Jurassic Park is now a reality, except it’s called Jurassic World in an attempt to dissociate it from the tragedies that resulted from the attempted launch of the original park.
Oh. Okay. So three separate times a "Jurassic Park" has opened. At each of these places there has been a horrible accident where the security systems failed and all the dinosaurs got loose and either tore apart or stomped or ate all the visiting tourists. Worried that nobody would come to the fourth "Jurassic Park" -- though the third was wildly popular, apparently -- the park operators have dubbed it Jurassic World.

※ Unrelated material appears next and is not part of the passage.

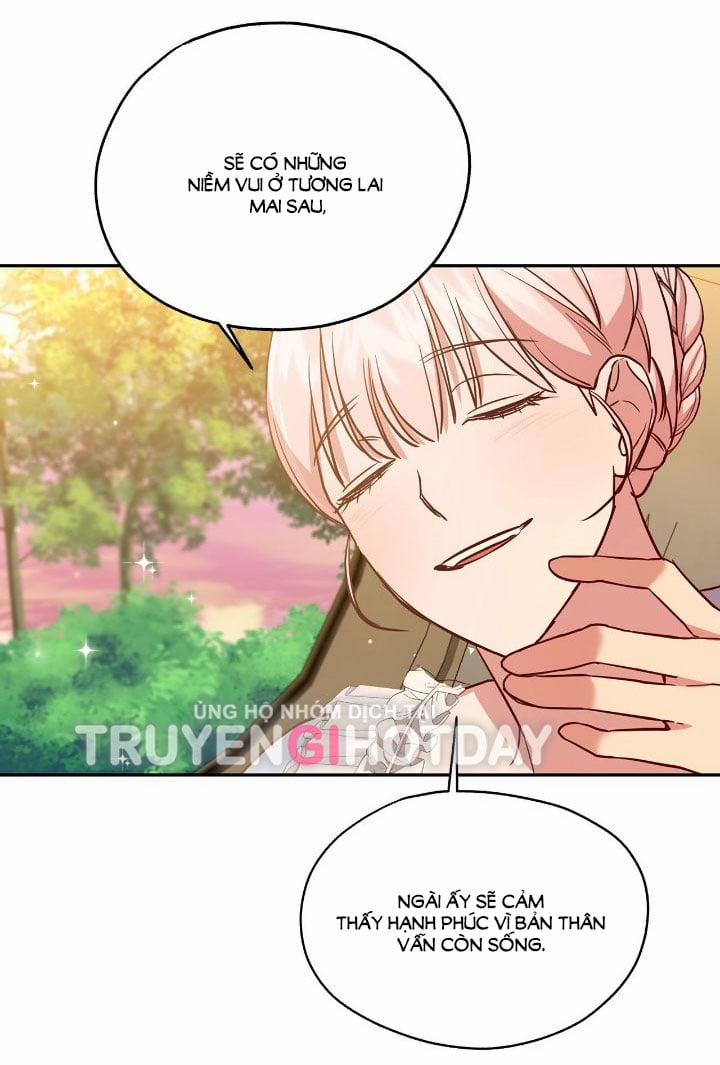 [18+] Xác Xuất Trở Thành Bạn Bè Trong Tiểu Thuyết Lãng Mạn 19+ 11.1 trang 54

Personally, I'm not convinced. I'm not sure that's good enough. I mean, if you want to tell people that you've got nothing to do with the total idiots who opened those three previous disaster parks, you probably want to change more than one word in the name, especially when the remaining word has never been used in actual human conversation.
If I decided to build a tanker to carry oil around Alaska, I wouldn't call it the Exxon Valdooky. If I was a food manufacturer who had a horrible reputation for unhealthy, low-quality junk food I wouldn't create a new product called Hot Packets. If my parents had named me Adolf Hitler, I wouldn't head to the courts and say, "Your honor, this is unbearable. I can't take it. Please, let me change my name to Adolf Garfinkel."
Me, I'd give the new park a totally different name. Something like, "Uncle Bob's Raucous Dinosaur Village." Or "Brontosaurus Brachiapotamus And Beyond." Or mayxj8717ou ]\[)(& Pterod*^%# poius \\][powu Woreorh .253.josid977^*
Shoot. Guess that's it for now. I don't know why but I've been having real problems with this new Time Warthog Cable.